Take Michael Apted’s acclaimed Up series for example. Every seven years, Apted interviews the same group of English individuals, checking up on their lives and seeing what they are accomplishing and feeling regrets about. This is one of the most pure types of documentary cinema because we are not actually following the subjects all the time, like in Peter Weir’s fictional The Truman Show; we merely check in with them every seven years. We are under the impression that these people are living their lives without any response to the series of documentary films being made about them.
Still, there is that slight possibility that the subjects are doing things in their lives that they wouldn’t ordinarily do if their lives weren’t being captured on film every few years. It is also possible that the subjects want to impress filmmaker Apted with recent happenings in their lives. It is almost a given that this theory isn’t the case, and that the subjects in the Up series really do lead their lives without any interference from the movies that are made about them, but it can’t be proven one hundred percent.
When a personal documentary is made, there is a special relationship between the subject and filmmaker, and that kind of relationship makes for a much different kind of viewing experience. Imagine a filmmaker who walks down a sidewalk and asks various anonymous people questions about important issues in America today. The kind of answers that filmmaker receives from anonymous people he doesn’t know will be far less personal and involving than if he receives answers from a personal family member or friend, documented in a way that provides intimacy and context for the viewer. The most personal documentaries are the most involving for viewers because the film works in two ways, one as an exploration into a subject or subjects, and another as a special relationship between subject and filmmaker.
The third aspect that articulates the power of personal documentary is the manner in which commentary and actions on screen become so deeply personal that the viewer almost feels as if he or she has stepped into the immoral act of voyeurism. Before there were personal documentaries, there was James Stewart looking out an apartment window into other hotel rooms with a giant pair of black binoculars in Alfred Hitchcock’s Rear Window.
Voyeurism is something that everyone experiences in their lives — there is something intriguing about looking into the lives of others when they don’t know you’re looking at them. Voyeurism has been used in fictional film for decades, and it can be a great tool to create suspense because, really, all movies are voyeurism. We sit in the audience anonymously looking up at the screen as observers to characters who don’t know that we are out there in the audience. Personal documentaries represent one of the greatest uses of voyeurism because we are witnessing heartbreak, happiness, real life. It can be almost as if we are walking by a person and overhearing a conversation or seeing a life-altering event. The more personal and more voyeuristic the circumstances on screen, the more we think we need to turn away but truly can’t stop watching.

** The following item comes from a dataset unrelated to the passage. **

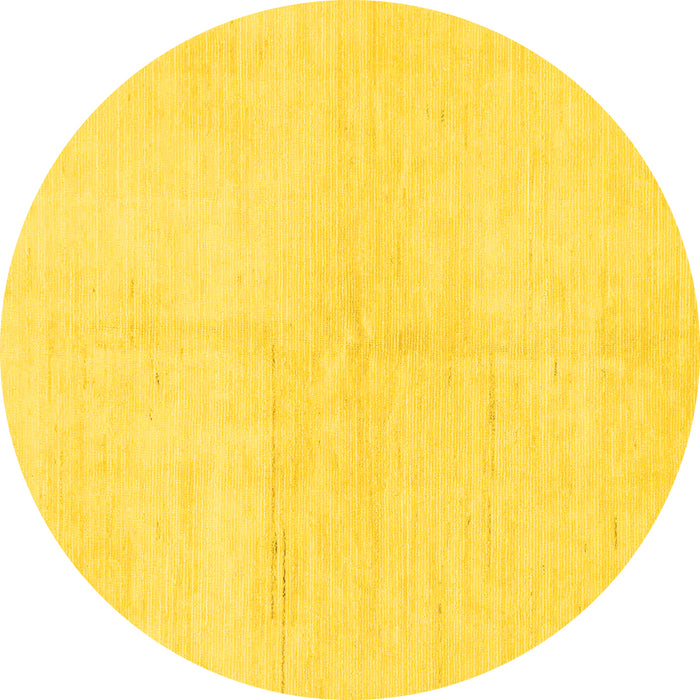 Round Machine Washable Solid Yellow Modern Rug, wshabs1608yw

Documentary filmmakers can construct their own personal documentaries in a variety of ways. They can strip away a small layer from the interviewee on film, merely showing the exterior of the person and not digging deep. They can allow the interviewee to open up to his or her discretion, finding out intimate details through conversation. They can go far and allow the audience an intimate view at a life that is truly worth investigating and exploring. They can take the film so far that it reaches the point of unabashed voyeurism, seeing every aspect of a person’s life, and hearing from that person’s lips all the fears and joys that made his or her life the kind it turned out to be.
There are many kinds of personal documentaries, but the best are the ones that stay true to the source and that make the audience learn a little something right along with the filmmaker. The power and possibility of the personal documentary has barely scraped the service, and the future holds many more great pieces of work that will open audience’s eyes up to more fascinating questions and ideas.